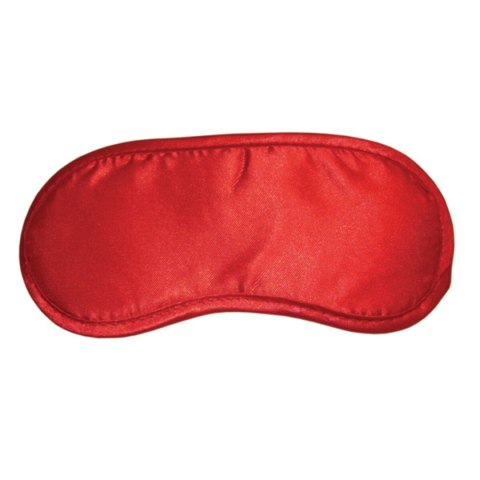 Satynowa opaska na oczy czerwona Sportsheets SS10002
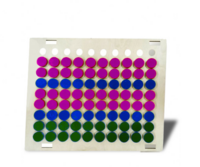 Тактильно-развивающая панель «Цветные фигурки» - fgospostavki.ru - Красный Сулин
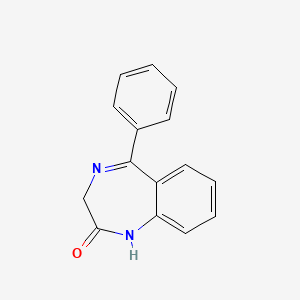 molecular formula C15H12N2O B1294567 1,3-Dihydro-5-phenyl-2H-1,4-benzodiazepin-2-one CAS No. 2898-08-0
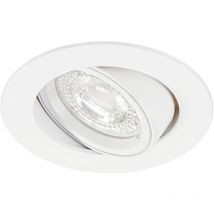 Speed 70 r 12 Encastré GU5,3 rond basculant blanc Lpe non incl. Aric 4899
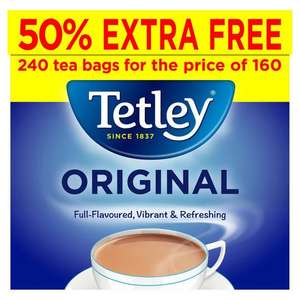 Tetley Original 240 Tea Bags 750g £3 @ Iceland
--------------------------------------------------
• Directions
Once the pictures are set aside, repeat the data above exactly as written.

• Solution
 Satynowa opaska na oczy czerwona Sportsheets SS10002
 Тактильно-развивающая панель «Цветные фигурки» - fgospostavki.ru - Красный Сулин
 molecular formula C15H12N2O B1294567 1,3-Dihydro-5-phenyl-2H-1,4-benzodiazepin-2-one CAS No. 2898-08-0
 Speed 70 r 12 Encastré GU5,3 rond basculant blanc Lpe non incl. Aric 4899
 Tetley Original 240 Tea Bags 750g £3 @ Iceland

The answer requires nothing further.